CURRENT COLLABORATIONS
The BDC Informatics Team is focused on using innovative and cutting-edge technologies to understand the role of different cell types in the development of diabetes. This includes studying immune cell populations to explore why immune cells are activated in T1D and studying islet cell populations to determine the transcriptional regulation and determination of islet cell fate and to understand how beta cells may be contributing to their own demise in T1D and T2D. We aim to understand the involvement of these cells in diabetes to work towards early detection, prevention, and a cure for diabetes.We use cutting-edge sequencing technologies to investigate these topics, including multiome single-cell sequencing techniques such as scRNA-seq, scATAC-seq, antigen detection with scLIBRA-seq, surface protein profiling with CITE-seq, TCR and BCR sequencing with scVDJ-seq, and histone binding analysis using droplet-paired tag. Our team analyzes these complex datasets, develops novel algorithms for data processing, and creates predictive models to uncover meaningful correlations and insights. To the end, we closely collaborate with many of the labs at the Barbara Davis Center for Diabetes.-
![]()
Sussel Lab
Our collaborations with the Sussel lab focus on understanding the transcriptional regulation of islet cell fate and function. We use innovative tools to explore all levels of transcriptional regulation from transcription factor activity to RNA splicing, to RNA modifications. These collaborations utilize single cell RNA-seq, long read single cell RNA-seq with nanopore sequencing, direct RNA sequencing with nanopore, ChIP-seq, RNA-seq, and ATAC-seq. In these collaborations, we focus on developing and implementing novel tools to analyze these data and performing multiomic integration of the different sequencing modalities. See more about projects in in the Sussel lab (here)
-
![]()
Smith Lab
The Smith lab and our team collaborate on projects that focus on unraveling the role of B cells in the development of T1D. We are using single cell technologies that pair VDJ, transcriptome, and antigen reactivity to discover the phenotypic markers of autoreactive B cells and to understand the changes in gene expression and clonal repertoire of islet-reactive B cells in healthy and autoimmune prone individuals. In these collaborations, we focus on developing pipelines to analyze the multiomic datasets, how to determine antigen reactivity from LIBRA-seq data, and we develop computational models to use VDJ information to predict autoreactivity and cell state of B cells.
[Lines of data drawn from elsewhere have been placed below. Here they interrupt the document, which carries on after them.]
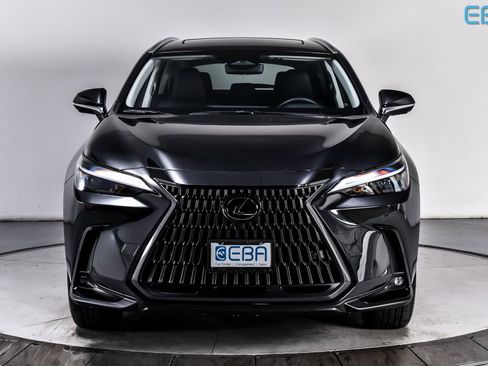 Used 2025 Lexus NX 350h AWD w/ Premium Package image 8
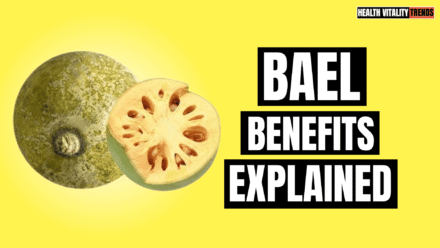 bael nutrition facts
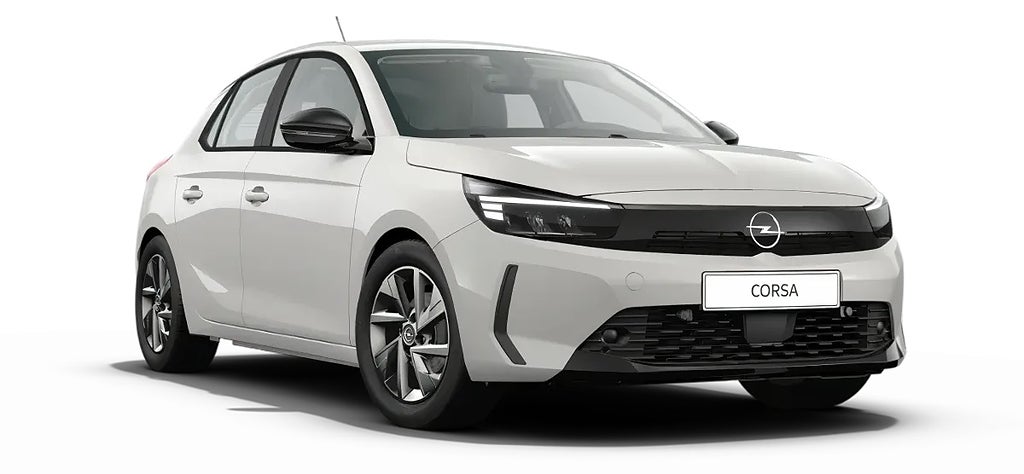 Opel Corsa-e Electric GS Long Range / Adaptiv Farthållare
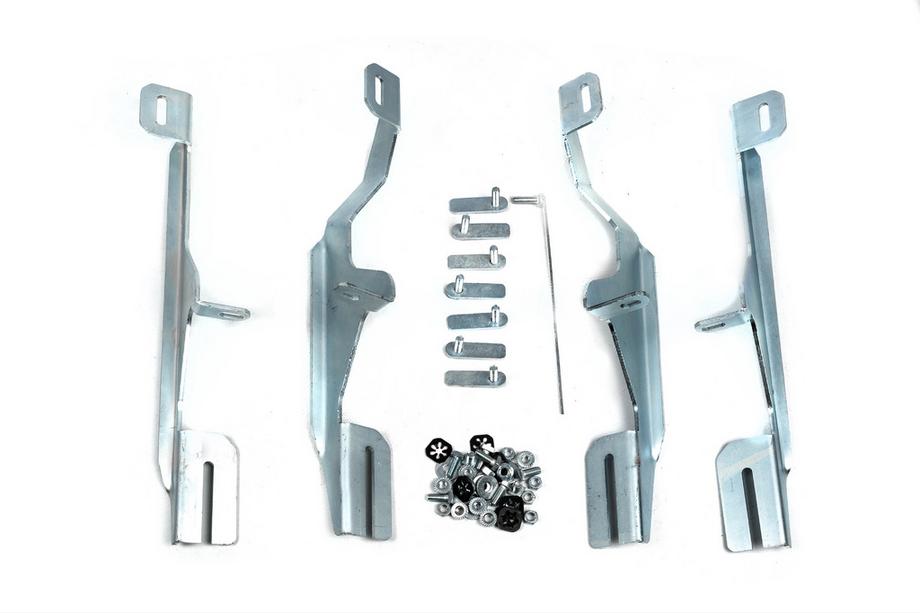 Mazda CX-7 2006–2012 Montažni komplet za bočne stopnice Image
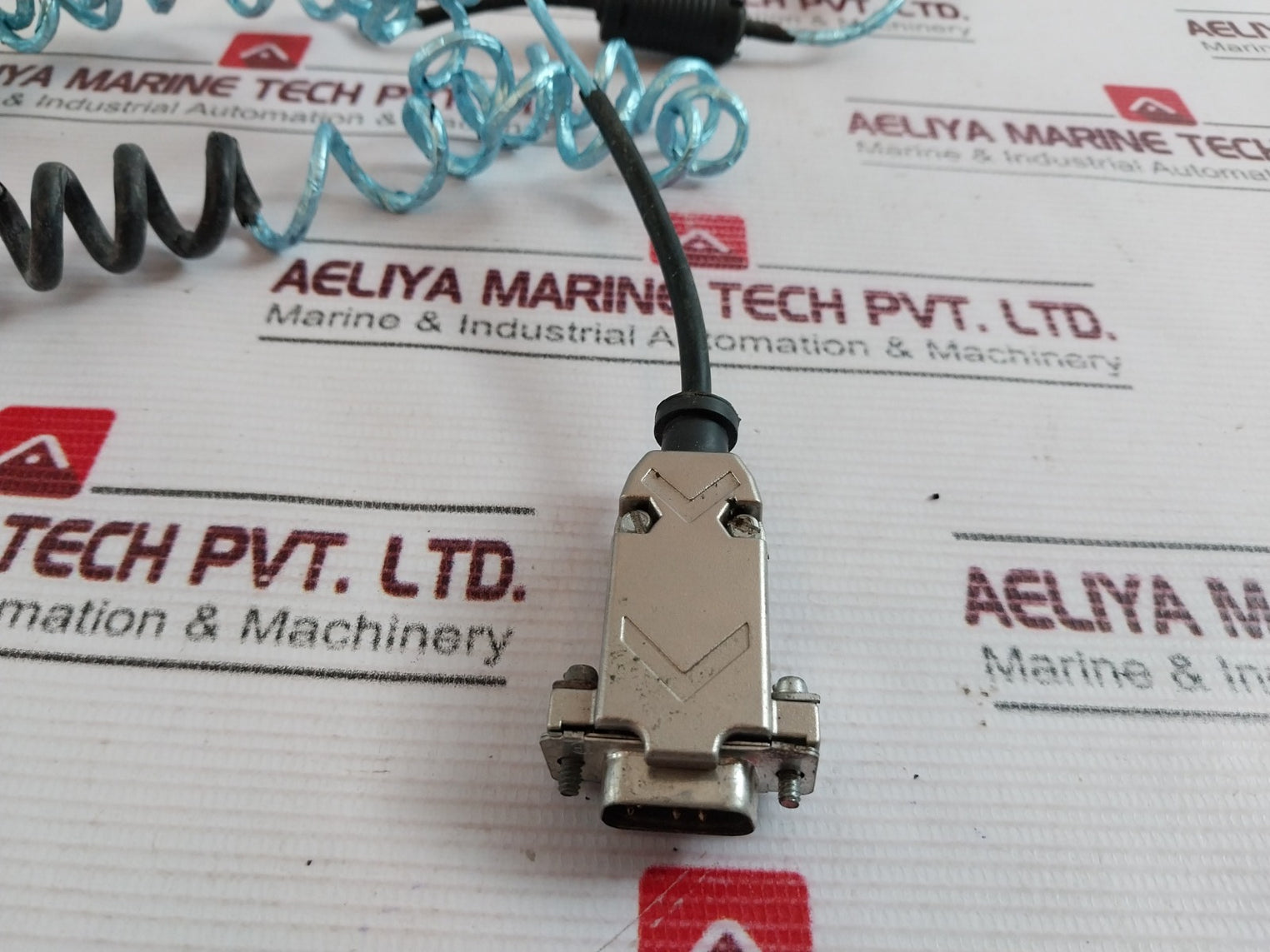 Optech 80Nel45R2-2-pw-optec Optical Power Meter Rev: D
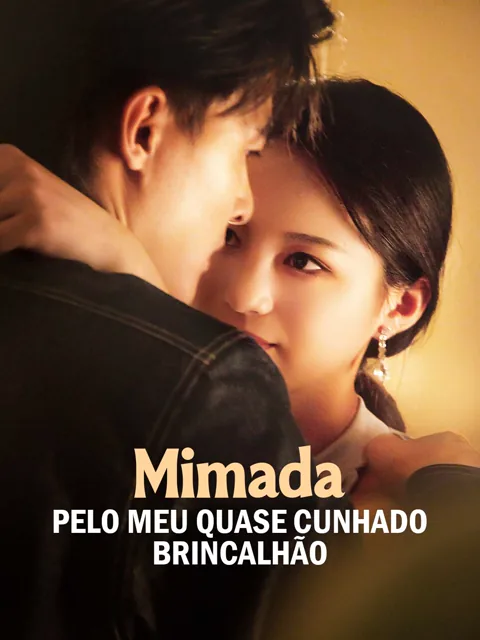 Mimada pelo meu quase cunhado brincalhão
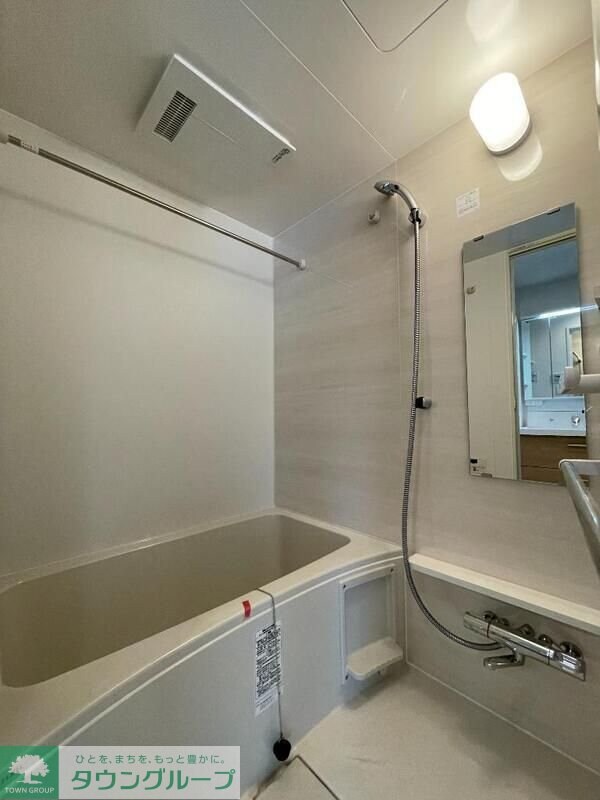 バス／シャワールーム等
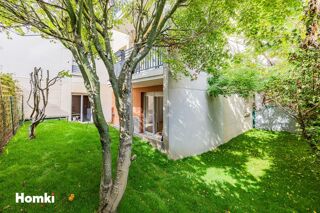 Vente Appartement Appartement T2 de 49 m² avec jardin à Clamart 92140, Rue de Châtillon Clamart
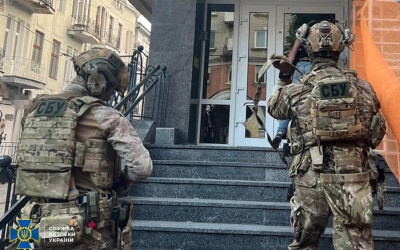 СБУ, ОГП та Нацполіція викрили злочинну діяльність керівників обласних підрозділів поліції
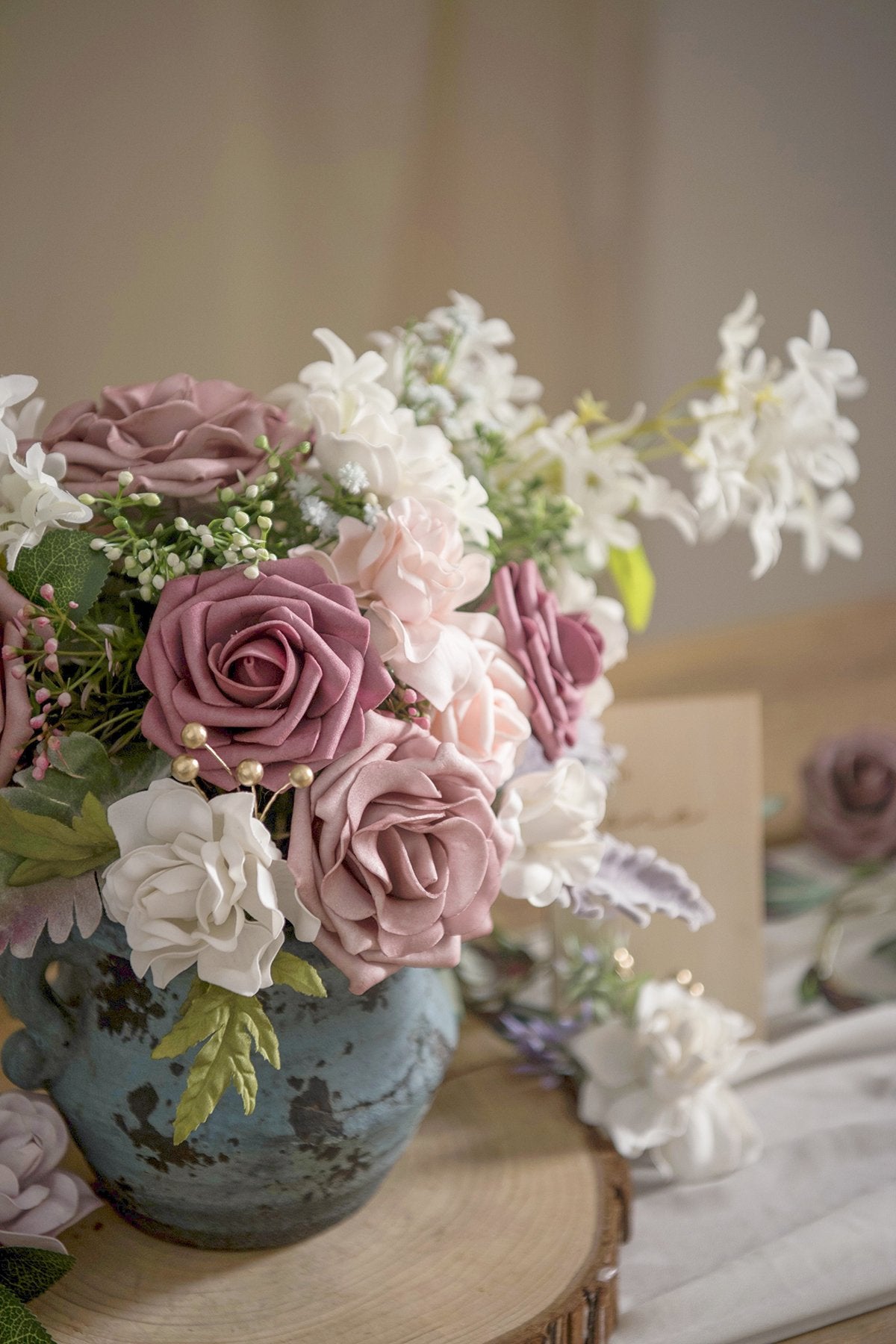 Basic Flowers Box Set - 35 Styles - lingsDev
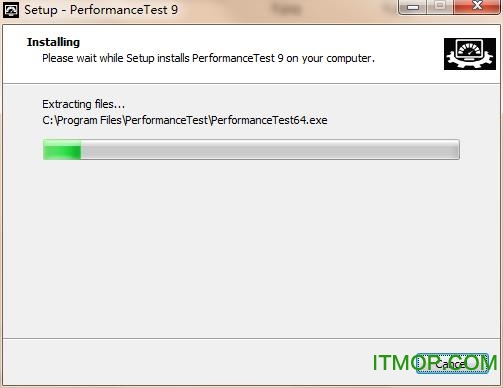 PerformanceTest破解版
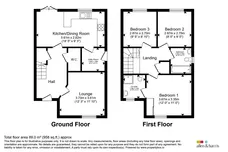 Raven Avenue, North Newmoor, Irvine floorplan 1 out of 1
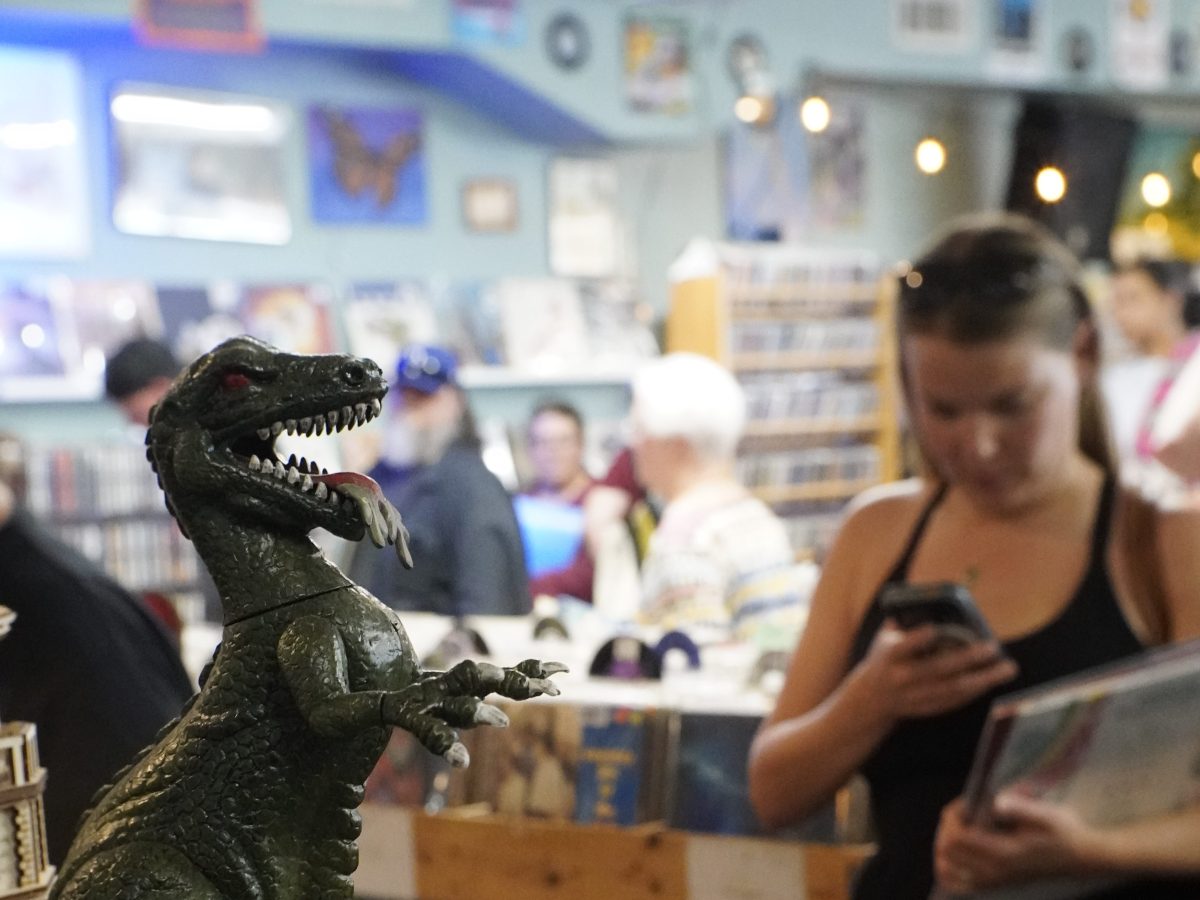 Beachside Retro Celebrates Record Store Day in Satellite&nbsp;Beach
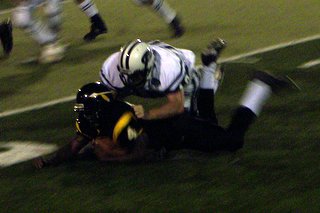 East Brunswick Football - click for larger version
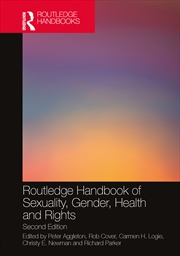 Buy Routledge Handbook of Sexuality, Gender, Health and Rights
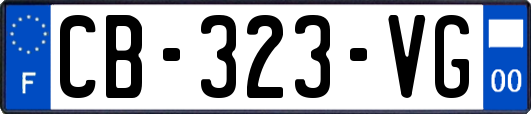 CB-323-VG
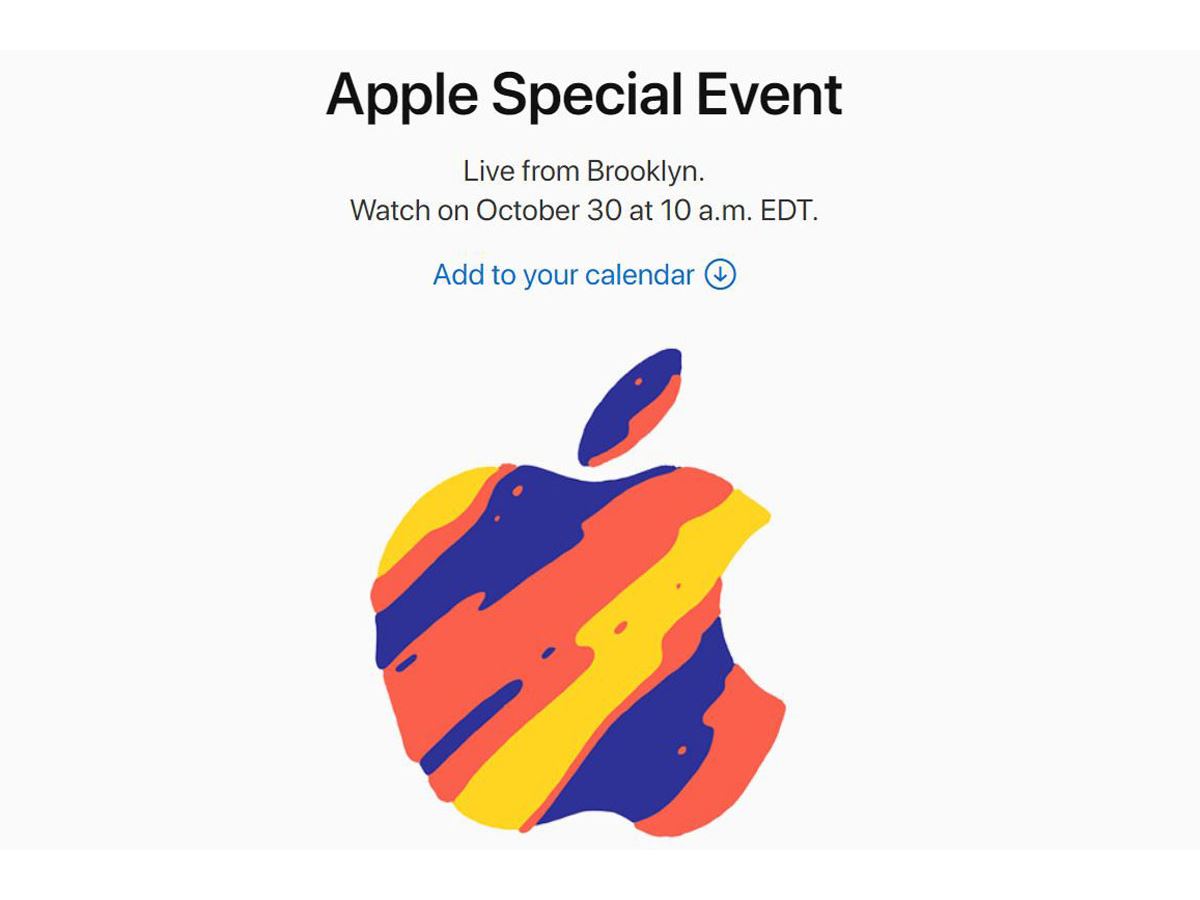 新型iPad登場！？ アップルが10月30日に発表会を開催 - 価格.comマガジン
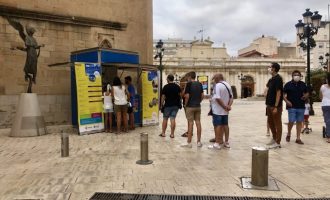 Un Bono Viatge amb descomptes del 70% per a les vacances de les persones empadronades a la Comunitat Valenciana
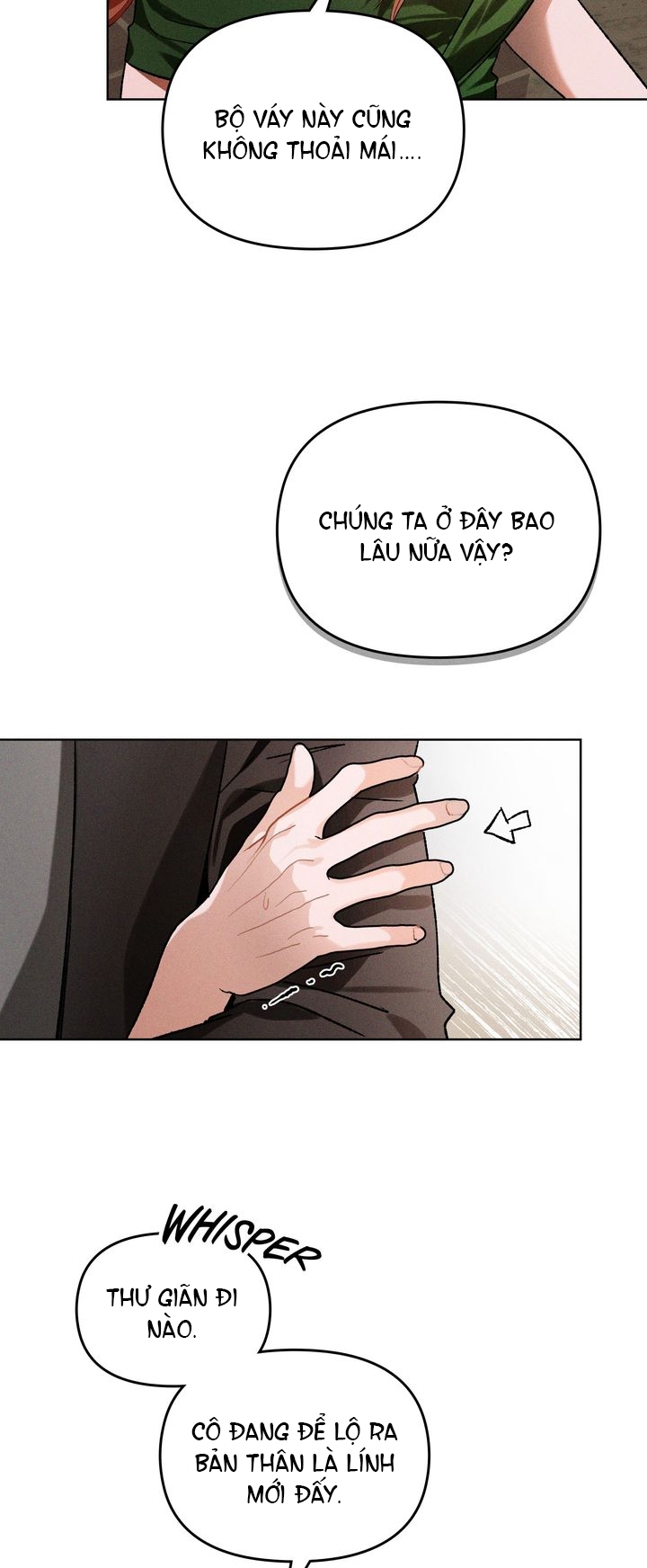 rơi vào nguy hiểm Chap 11.1 - Trang 2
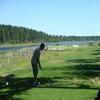  Hole #7 - Tee Shot - Friday, July 28, 2006 (Flathead Valley #2 Trip)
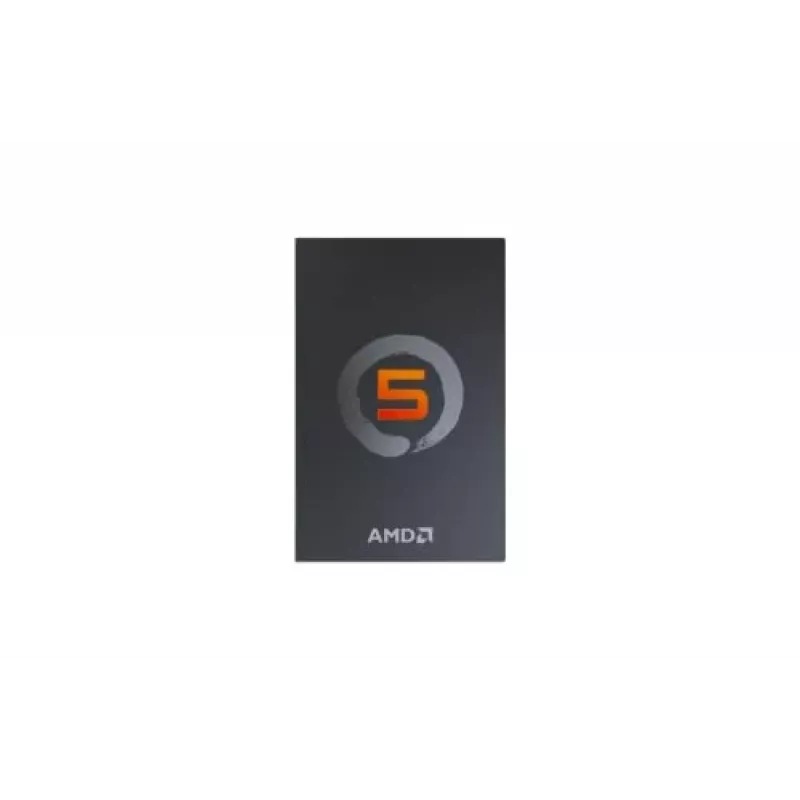 Processor AMD Ryzen 5 7600 3.8 GHz 6 kernen 32 MB L2 & L3 socket AM5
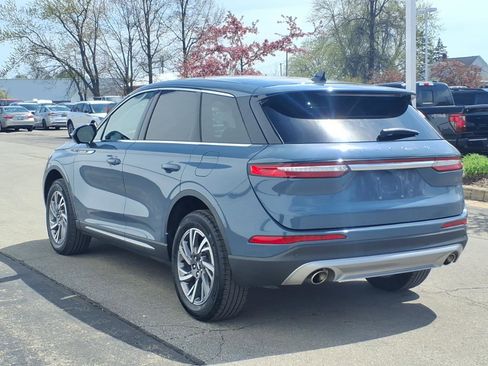 Certified 2023 Lincoln Corsair AWD w/ Equipment Group 101A image 4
See more about projects in the Smith lab (here)
-
![]()
Friedman Lab
We partner with the Friedman lab to evaluate the role of myeloid cells in the development of T1D. We are integrating single cell datasets from many different sources to generate a map of myeloid cells in mice and many different human donors. In these collaborations, we focus on identifying the best methods for data integration and differential expression across many donors and developing pipelines to remove phagocytosed passenger transcripts that can be identified in the myeloid cells.
-
![]()
Nakayama Lab
Together with the Nakayama lab, we identify and characterize autoreactive T cells and novel autoantigens in T1D. The Nakayama lab has developed many novel methods to create high throughput assays to identify these autoreactive T cells and autoantigens. We have written many pipelines that can demultiplex and analyze the data generated by these new methods. We are also working closely with the Nakayama lab to pair single cell sequencing with detection of autoreactive TCRs.
Technical & Analytical Collaborations
In addition to our core partnerships, we also perform analysis of data for all
of the labs at the BDC! This includes analysis of bulk sequencing data,
planning sequencing experiments, performing motif finding, and planning genetic experiments.